= Task statement =
Please, from the entries below, transcribe exactly the lines that begin at the line with "SITE SPECIFIC DELIVERY" and end at the line with "Nymphalis io - nappali pávaszem", without the pictures.

= Dataset content =
=======
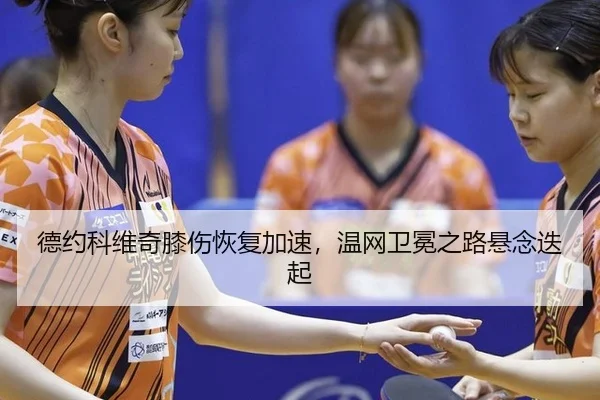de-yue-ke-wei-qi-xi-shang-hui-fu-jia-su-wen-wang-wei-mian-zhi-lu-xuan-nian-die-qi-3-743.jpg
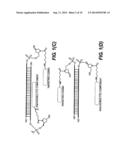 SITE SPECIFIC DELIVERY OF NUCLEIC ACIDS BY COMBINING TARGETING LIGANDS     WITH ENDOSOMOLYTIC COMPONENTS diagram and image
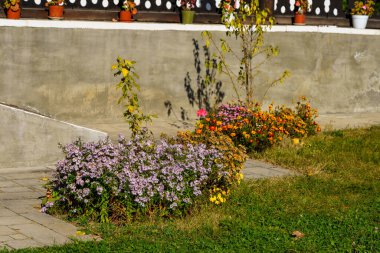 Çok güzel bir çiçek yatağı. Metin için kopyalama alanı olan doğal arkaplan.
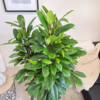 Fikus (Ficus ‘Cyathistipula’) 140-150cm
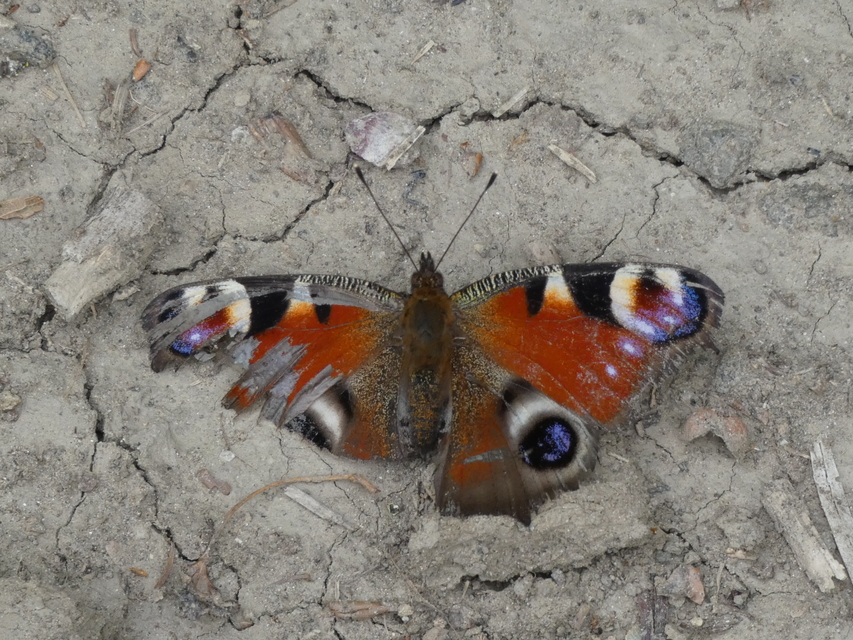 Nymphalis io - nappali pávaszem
=======
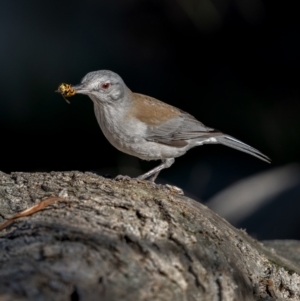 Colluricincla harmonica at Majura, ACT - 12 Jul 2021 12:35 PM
=======
= Exercise answer =
 SITE SPECIFIC DELIVERY OF NUCLEIC ACIDS BY COMBINING TARGETING LIGANDS     WITH ENDOSOMOLYTIC COMPONENTS diagram and image
 Çok güzel bir çiçek yatağı. Metin için kopyalama alanı olan doğal arkaplan.
 Fikus (Ficus ‘Cyathistipula’) 140-150cm
 Nymphalis io - nappali pávaszem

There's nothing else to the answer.